For Mr. Gordon, it is important for the leader after Mr. Iger to have a history with the company and “an understanding of what makes Disney Disney” to maintain goodwill with fans.
Mr. Iger, 71, oversaw Disney’s purchases of Pixar, Lucasfilm and Marvel Entertainment, plus expansion of the company’s theme-parks business, including the opening of parks in Hong Kong and Shanghai. Beyond these popular decisions, some fans have applauded how Mr. Iger displayed an appreciation for the company’s history and its connection with so many people.
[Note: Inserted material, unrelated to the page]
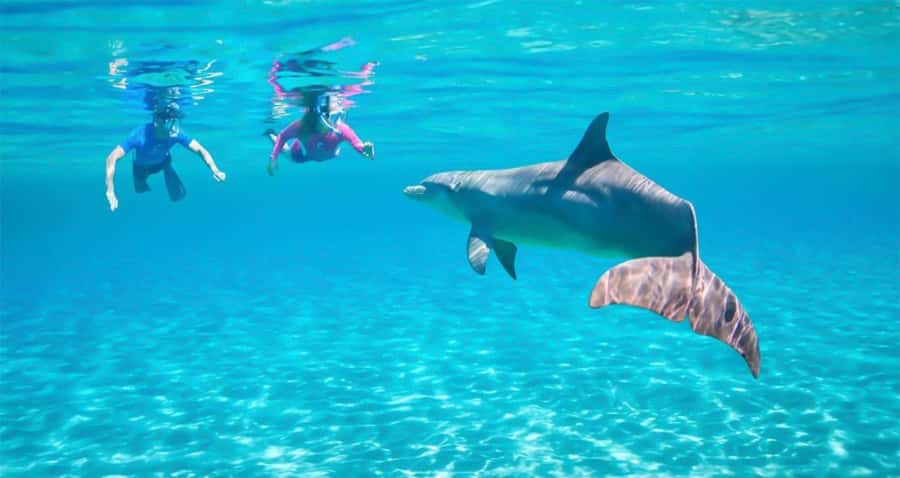 Hurghada: Dolphin watch Cruise with optional pickup - The Morning Cruise: What That 1.5 Hours Buys You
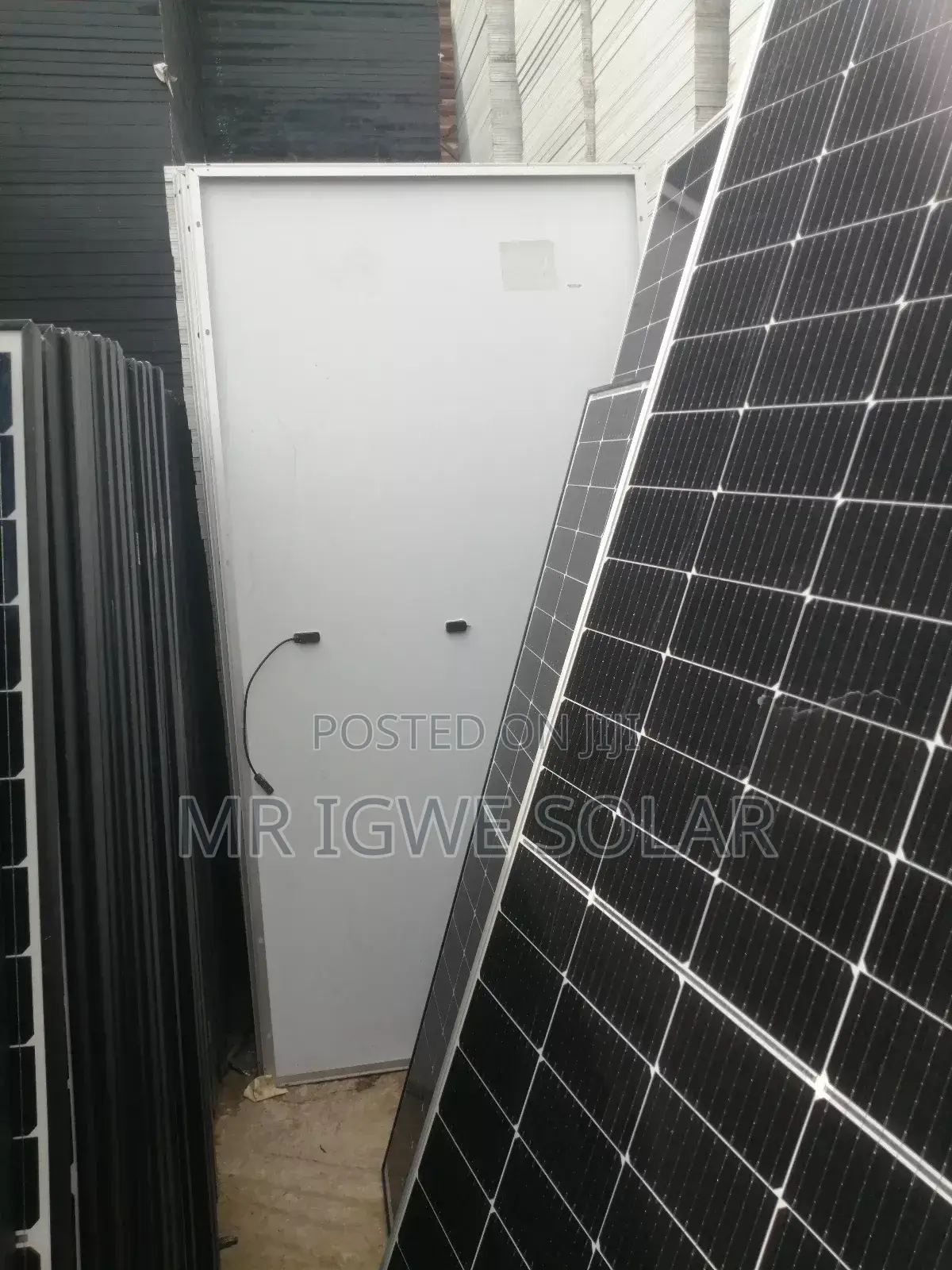Jinko 600 Watts Panel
“He is a very charismatic CEO and has the ability to speak with fans,” Mr. Huey says.
But some remain skeptical about the likelihood Mr. Iger will undo any recent unpopular changes, especially given the company’s recent performance. The company reported weaker-than-expected fourth-quarter earnings in early November as losses in the company’s streaming business cut into the profits from its theme parks. Mr. Iger said in a memo to Disney employees Monday that he would oversee a restructuring of the company, including a reorganization of its media and entertainment distribution division.
“People want to go back to 2019,” says A.J. Wolfe, the Frisco, Texas-based founder of Disney Food Blog, a website focused on the company’s theme parks. “Disney has used the pandemic to implement a lot of things that are going to give them control over who comes into their parks and how much money is spent, and that’s not going to be rolled back.”